A girl child’s parents are always up for saving for their daughter’s future plans, education and more. Sukanya Samriddhi Yojana (SSY) is their first choice as an investment instrument as it offers attractive long term benefits.

The biggest advantage of having this scheme is to move your Sukanya Samriddhi Yojana account from one bank to another or to a post office depending upon your choice and requirements. 

Parents generally opt for this scheme as it provides huge returns and is much higher than the other schemes in the market. This scheme allows citizens to open accounts for their daughter whose age is less than 10 years on the day of opening the account.

After the girl child turns 18, she will become the owner of the account and the investment period for this scheme is 15 years and the maturity period is 21 years. However, only 2 accounts from every family are allowed to open an account under this scheme.

Sukanya Samriddhi Yojana Deposit Rules

Let’s understand the nitty gritty of the Sukanya Samriddhi Yojana scheme. This scheme allows an individual to open an account at any government bank or post office with a minimum deposit of Rs 250. 

If the depositor fails to maintain a minimum deposit, then he/she will be liable to pay a penalty of Rs 50 and continuously failing to submit the minimum amount can lead to a defaulted account.  However, the account can be normalised at any time. 

The minimum deposit is Rs 250 and the upper limit of deposit in the Sukanya Samriddhi Yojana account is at Rs 1.5 lakhs annually and any deposit above than the said amount will be immediately refunded.

Interest Rate 

An interest rate of 7.6 per cent per annum can be accrued on the deposit in the Sukanya Samriddhi Yojana account. The interest earned is credited to the account at the end of every financial year and is eligible for exemption under the Section 80C of the Income Tax Act, 1961.

Premature closing

After 5 years of opening the account,  it can be closed prematurely in case of an emergency like the account holder’s serious illness or the death of the parent who was taking care of the account on the girl’s behalf. In such a situation, PO saving account rate will be applied from the date of death to the date of final payment.

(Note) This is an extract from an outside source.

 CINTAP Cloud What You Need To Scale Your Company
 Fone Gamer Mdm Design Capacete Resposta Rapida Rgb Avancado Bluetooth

The premature closing of the account would need application along with the documents that needs to be submitted in the bank or the post office.

Withdrawal 

After the girl turns 18, she can be the owner of the account and withdraw an amount from the Sukanya Samriddhi account. The maximum withdrawal limit is 50 percent of the amount available in the account. Withdrawal can either be made in a lump sum or can be done in an instalment of up to once a year for 5 years.